I was trying to plug through the rest myself.

I think I have most of it figured out, but there were some things I wanted to point out... first, I see you're referencing ArcTan and ArcSin, but those aren't defined in VB, so, are you testing this in VB?  If so, what version?  Or, have you imported a library I don't have?  I switched the references to Atan and Asin, which I think are the same thing (could be wrong).

Second, you had previously declared y as a variable up when defining some date fields, for Year... did you rename that year "y" variable?  I just changed all my references in this to YY, XX, AA etc.
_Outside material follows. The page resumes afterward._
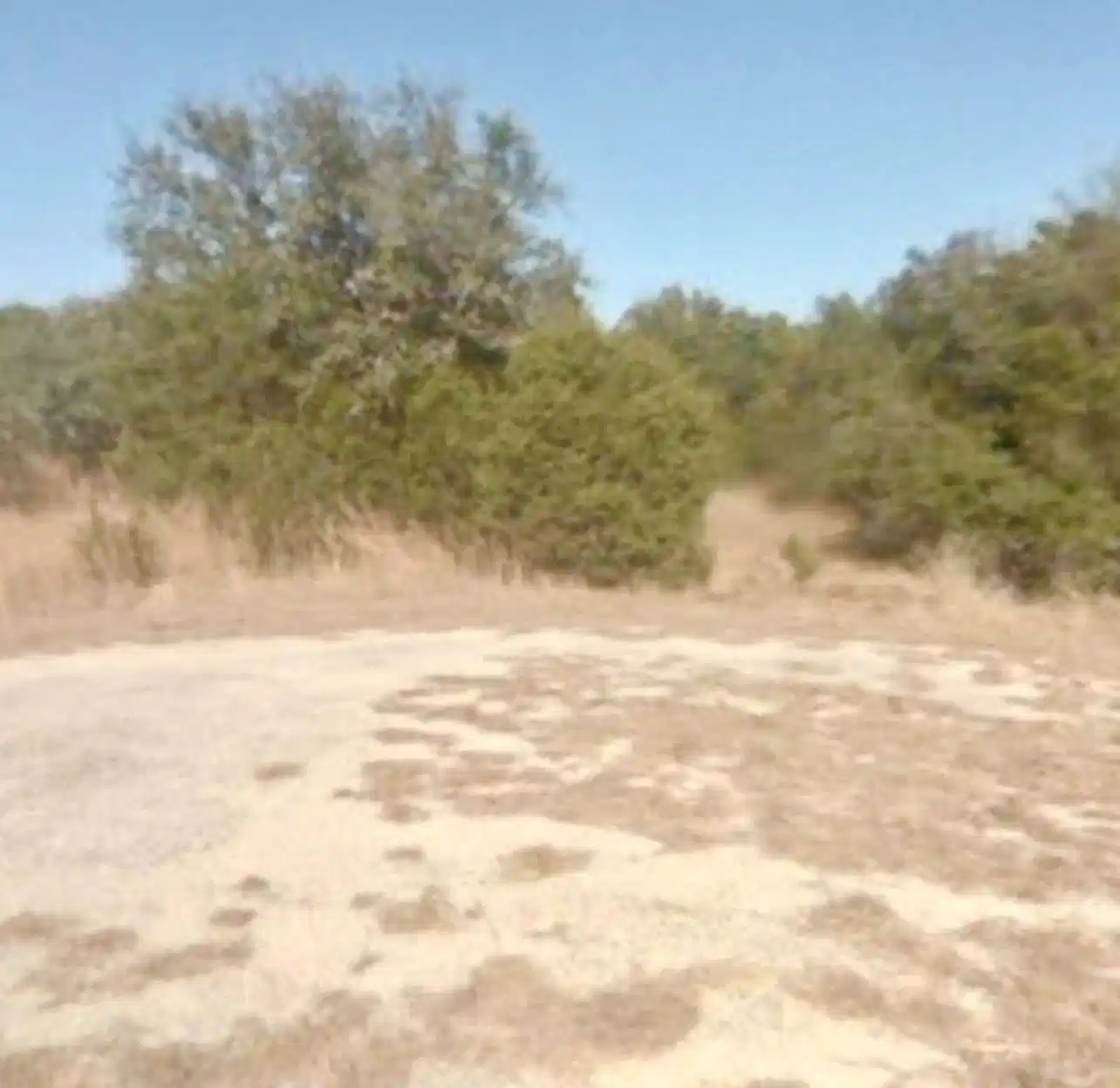 Image 1 Image 1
Third, their logic in this block doesn't make sense:

If x < 0 Then
alpha = a + 180
End If

If y < 0 And x > 0 Then
alpha = a + 360
Else
alpha = a
End If

Because, if X < 0 then alpha will be set to a + 180, but then in the next if statement it will be overlayed with alpha = a.  So, I tried changing that to:

If X < 0 Then
alpha = A + 180
ElseIf (Y < 0 And X > 0) Then
alpha = A + 360
Else
alpha = A
End If

Now, all that said, none of the variables for X, Y, A, alpha or delta come out the way you would expect.  The reason for this is that when most trig functions like cos, sin etc are referenced in literature  they are assuming that you are passing an angle in Degrees.  However, all of the corresponding math functions in VB expect the angle in Radians.  There are simple formulas (provided) for converting to and from Degrees/Radians, but the trick is figuring out where... so, after some trial and error, it looks like all of the values the formulas on this webpage are working with, are in Degrees, therefore, we have to convert them to Radians before passing to the Trig function, then convert back to Degrees after the result is returned.

That works great for everything in item 6.  So, I went back and tried to apply the same change to the lambda calculation in item 4 to see if we could get the formula to work right with their constant... but, I couldn't get it to work :-)  But, maybe if you play around with it, you will!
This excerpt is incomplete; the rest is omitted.